White House-lobbyist contacts documented


WASHINGTON -- A bipartisan congressional report documents hundreds of contacts between White House officials and the corrupt lobbyist Jack Abramoff and his partners, including at least 10 direct contacts between Abramoff and Karl Rove, President Bush's chief political strategist.

The report by the House Government Reform Committee, based on e-mail messages and other records subpoenaed from Abramoff's lobbying firm, found 485 contacts between Abramoff's lobbying team and White House officials from 2001 to 2004, including 82 with Rove's office.

The lobbyists spent almost $25,000 in meals and drinks for the White House officials and also provided them with tickets to numerous sporting events and concerts, according to the report, scheduled for release today.

The authors of the report said it was generally unclear from available records whether the aides reimbursed Abramoff for the meals or tickets. Ethics rules bar White House officials from accepting gifts worth more than $20 from lobbyists.

A White House spokeswoman, Dana Perino, said yesterday that while White House officials had not seen the report, earlier evidence showed that Abramoff had exaggerated his ties to the administration and had been "ineffective in terms of getting government officials to take actions." She added, "It's a real shame that so many of his clients were taken advantage of, lied to and ripped off."

The report describes several instances in which Abramoff, who pleaded guilty in January to conspiring to bribe public officials, failed to get the action he desired from the White House, and it described as "mixed" his overall record in lobbying the White House on his clients' behalf. But the report also suggests that Abramoff's lobbying resulted in Bush administration actions that benefited Abramoff clients, including decisions to distribute millions of dollars in federal funds to Indian tribes with large gambling operations.

After an especially aggressive lobbying campaign in 2001 and 2002, involving 73 contacts with White House officials, Abramoff claimed credit for a Bush administration decision to release $16.3 million to a Mississippi tribe for jail construction despite opposition from the Justice Department, the report found.

A copy of the bipartisan report was provided to The New York Times by congressional officials who were granted anonymity because the document had not been released publicly.

Rove has described Abramoff as a "casual acquaintance," but the records obtained by the House committee show that Rove and his aides sought Abramoff's help in obtaining seats at sporting events and sat with Abramoff in the lobbyist's box seats for an NCAA playoff basketball game in 2002.

After the game, Abramoff described Rove in an e-mail to a colleague: "He's a great guy. Told me anytime we need something just let him know through Susan." The e-mail was referring to Susan Ralston, Abramoff's former secretary, who joined the White House in February 2001 as Rove's executive assistant.

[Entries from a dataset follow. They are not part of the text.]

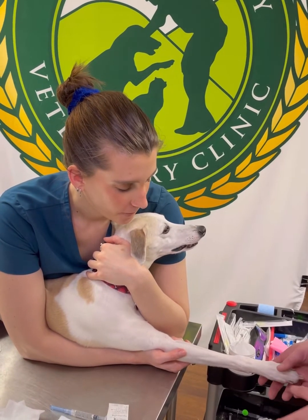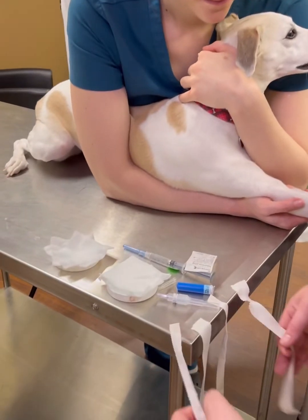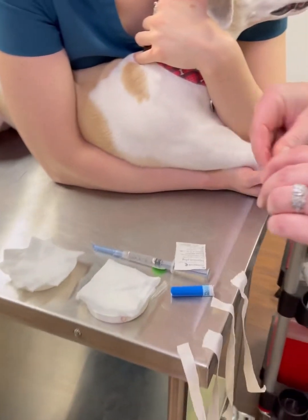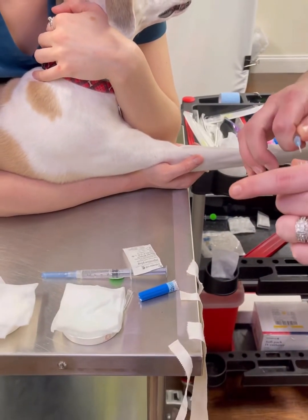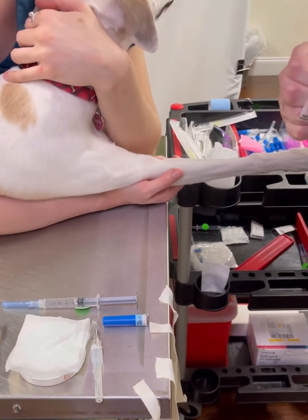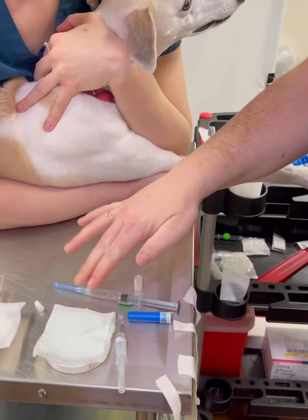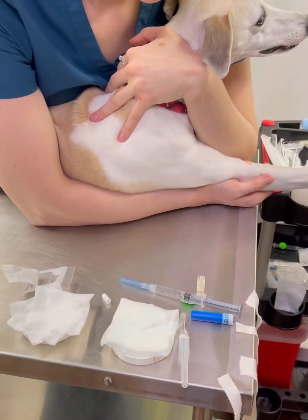This is how you place a catheter. Once you have your dog and it's pre-medded, you're going to gather all the supplies you need. You have your tape, you have your catheter open and loosened, you're going to open your cap, you have a flush, scrub, and alcohol, and clippers.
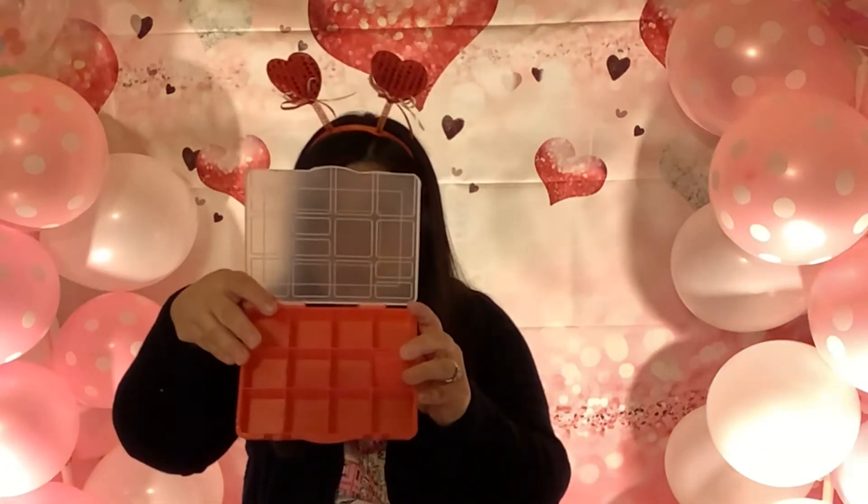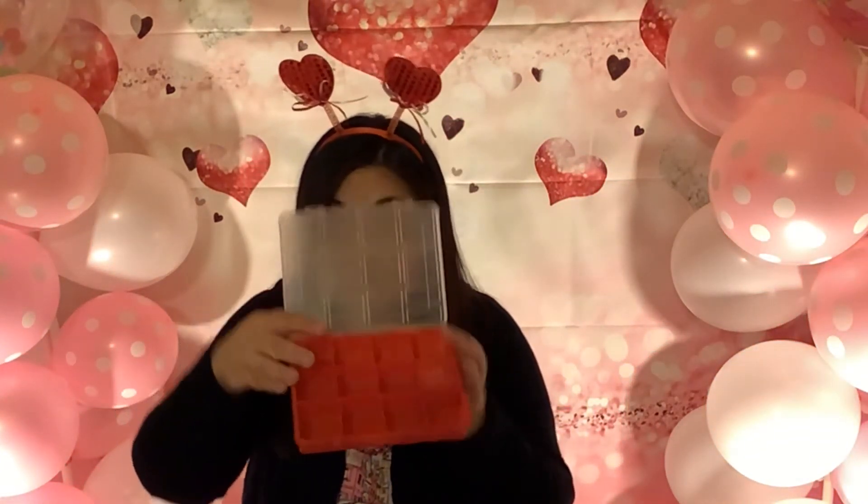And of course they have Sweethearts — do you remember these as a kid? I always had to get these for Valentine's Day. Then they have this little plastic container, and I thought that would be great for beads or maybe some small embellishments. I'm sure I'll figure out something.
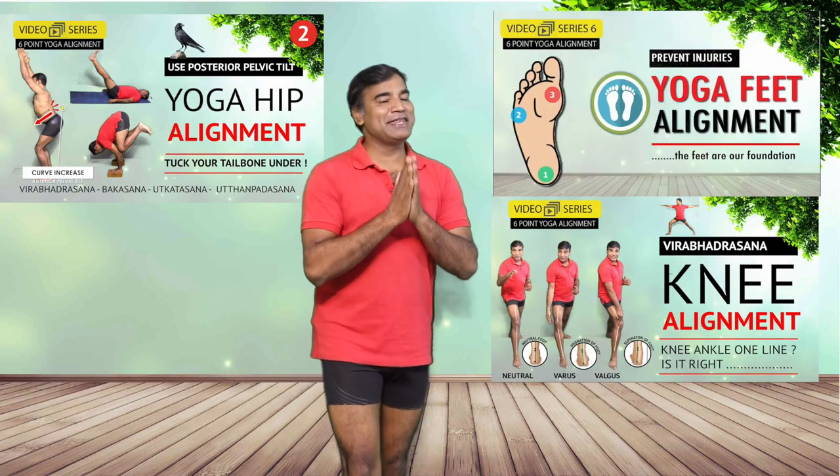Those who are new to my channel, please do not forget to watch the alignment videos on foot, knees, hip, and neck if you haven't. I have been using this cue for a very long time and there is no harm. But today I will let you know why it is important at some times to use this cue and at other places you don't need to — in fact you will do more harm than good. In this video we will be talking about yoga shoulder alignment.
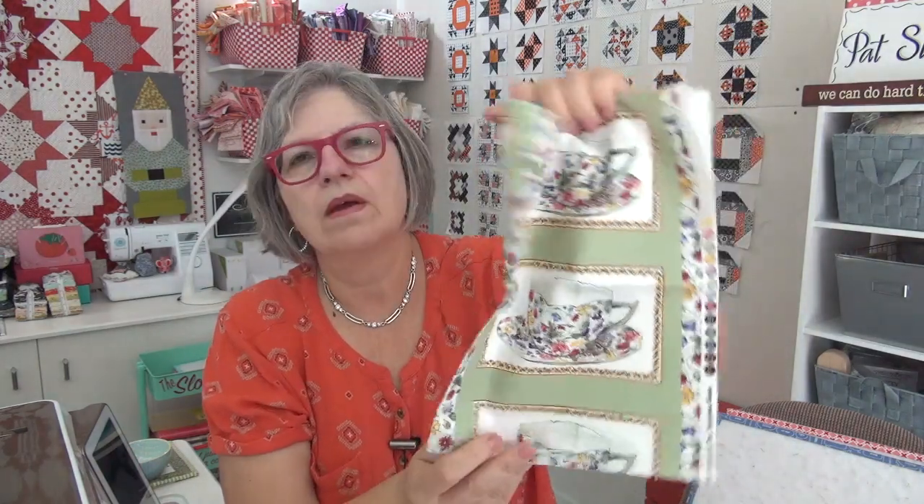This one's from Teresa in Arizona. Look at this absolutely stunning card with the hummingbirds — do you see them? This card is gorgeous. She sent me some selvages — she added a few from her collection — and some super cute teapots. Look at these teapots, teacups. These would be cute for a label; you could add white around it and that could be a really cute label. Thank you so much.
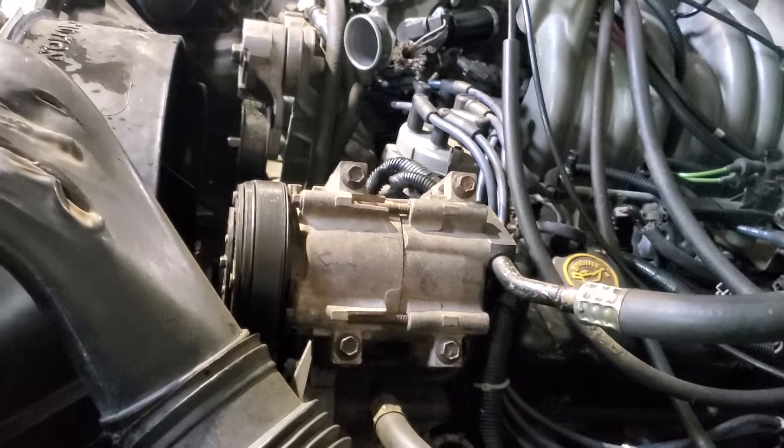Good morning everybody. Old Lonesome from Lonesome's Garage, working on the Bronco project.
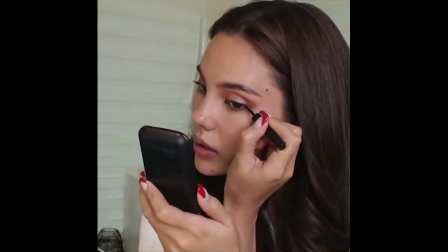I'm staying very close to the lash line. I won't reapply mascara but I'll go off-camera and put on some falsies and be right back. With the lashes on, I'm blending in my inner corners with my liquid eyeliner again, just coloring in my lash band a little so it doesn't look obvious that I have false lashes.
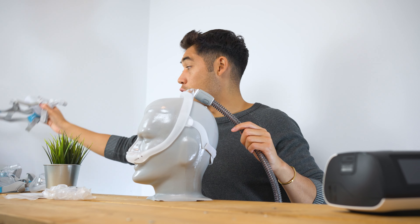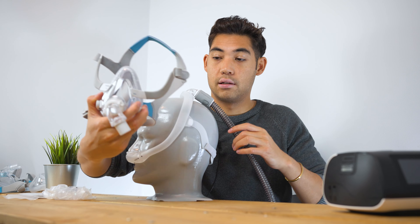Hi everyone, welcome to cpapstore.ca. My name is Tristan. Today we're going to be looking at the Philips Dreamwear Pillow Nasal Mask.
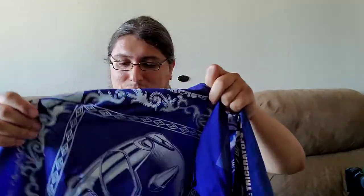Let's show you what makes these different. I'm going to compare the old one. The cloth feels different, but I don't know if it feels different because I've used this one a lot and I barely got this one this last week.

Ralston, who did not return phone calls seeking comment, was lobbied scores of times by Abramoff and his lobbying partners, the report found, and was instrumental in passing messages between Abramoff and senior officials at the White House, including Rove and Ken Mehlman.

Mehlman, now chairman of the Republican National Committee, was then a senior White House political strategist. A committee spokeswoman, Tracey Schmitt, said yesterday that in his White House job, "it was not unusual that Mr. Mehlman would be in contact with supporters who had interest in administration policy."

In October 2001, the report said, Abramoff asked the White House to withhold an endorsement from a Republican candidate for governor of the Northern Marianas Islands, a U.S. territory in the western Pacific where Abramoff had lobbying clients; Abramoff was backing another candidate.

On Oct. 31, 2001, the report said, Ralston sent an e-mail to Abramoff that read: "You win :) KR said no endorsement."

In March 2002, the report said, Abramoff contacted Ralston to offer tickets to Rove and his family for use of a skybox at the MCI Center in Washington for the NCAA tournament.

"Hi Susan," Abramoff wrote in an e-mail. "I just saw Karl and mentioned the NCAA opportunity, which he was really jazzed about. If he wants to join us in the Pollin box, please let me know as soon as you can."

Ralston replied: "Karl is interested in Fri. and Sun. 3 tickets for his family?"

Abramoff responded: "Done. Does he want to go Friday night or Friday afternoon or both?" The report said that Rove offered to pay for the tickets, prompting Abramoff to propose that Rove pay $50 per ticket.

The report identified a number of e-mails in which Abramoff referred to Rove and his visits to Signatures, a Washington restaurant owned by Abramoff.